O projeto arrecadou cerca de R$ 200 mil em doações diretas e indiretas para comunidades locais, ao mesmo tempo em que divulgou o desastre que devastava o bioma naquele ano, quando mais de um quinto de sua área foi consumida pelo fogo. “Éramos apenas quatro mulheres, de estados diferentes, com expertises e histórias de vida completamente distintas, mas um objetivo em comum: ajudar um bioma em crise”, relembra Luciana. 

Inicialmente, o grupo focou na compra e entrega de equipamentos para combate a incêndios. As doações incluíram um caminhão com capacidade de carregar 8 mil litros de água e um barco para resgate de fauna vitimada. Apoio a equipes veterinárias na localização de animais feridos, ao resgate, arrecadação e compra de medicamentos para esses animais, montagem de pontos de hidratação e alimentação de animais silvestres, entrega de centenas de milhares de litros de água para socorrer animais de criação e distribuição de cestas básicas para comunidades indígenas e ribeirinhos que viviam às margens do Rio São Lourenço. Essas foram apenas algumas das incontáveis frentes de atuação do grupo em 2020. 

Dois anos depois, a iniciativa que surgiu em meio a urgência continua atuando, mas agora com outra ferramenta: a educação ambiental. Isso porque ao final das medidas emergenciais, a Chalana Esperança percebeu que o bioma ainda carecia de outras demandas, sendo a maior parte delas relacionadas à conservação e ao bem-estar da população local. 

“Por trás da cortina de fumaça, havia outros problemas ambientais que precisavam de solução. A maioria deles tinha, em sua raiz, a falta de compreensão sobre a importância ecológica do bioma”, disse Luciana a ((o))eco.

Grupo de quatro biólogas criaram a Chalana Esperança durante os incêndios catastróficos que atingiram o Pantanal em 2020. Foto: Arquivo/Chalana Esperança.

Foi então que o projeto passou a utilizar a educação como ferramenta de conscientização para a conservação do Pantanal, através de projetos, sobretudo, na região de Porto Jofre, em Poconé (MT). A partir do envolvimento comunitário e da articulação com entidades locais, regionais e globais, o grupo passou a  investir na educação e na reconexão de moradores e visitantes com a natureza e cultura local do bioma. 

“Acreditamos na máxima que diz que nós só iremos conservar aquilo que amamos e só iremos amar aquilo que conhecemos.
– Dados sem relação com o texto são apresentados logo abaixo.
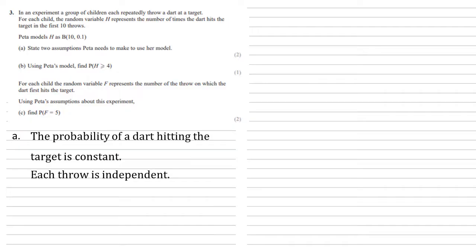And another assumption very closely related is that each throw is independent. The result of one throw of the dart doesn't affect any of the others.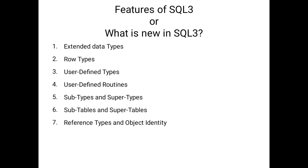Finally, the last feature is collection types. Here we have different types of collections available: ordered collections, unordered collections, ordered collections with duplicates, unordered collections without duplicates, unordered collections with duplicates and without duplicates. These are the facilities available in SQL3.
Por isso, a Chalana investe tanto em educação e promoção da biodiversidade pantaneira”, disse a bióloga. De lá pra cá, atuando na nova frente, o número de membros da iniciativa triplicou e, atualmente, soma 12 integrantes, entre biólogos, fotógrafos de natureza e membros das comunidades locais, dos quais a maior parte são mulheres. 

Para a bióloga, o País vive a maior crise ambiental da história e, por isso, as mulheres precisam estar no centro da tomada de decisões, atuando, local e globalmente, para a conservação de recursos, biomas e espécies. 

“Gostamos de pensar que a Chalana, fundada e liderada por mulheres, é um ensaio deste mundo que queremos. E temos orgulho de ver o quanto já conseguimos realizar a partir da união com outras mulheres de tantas outras organizações, apesar do pouco tempo de existência e mesmo com orçamento tão apertado”, enfatizou Luciana. 

Ações da Chalana Esperança

Patrulha Felina: crianças pela conservação da onça-pintada

O programa de educação Patrulha Felina leva crianças e adolescentes do Porto Jofre, comunidade ribeirinha do Pantanal Norte para conhecerem a biodiversidade pantaneira.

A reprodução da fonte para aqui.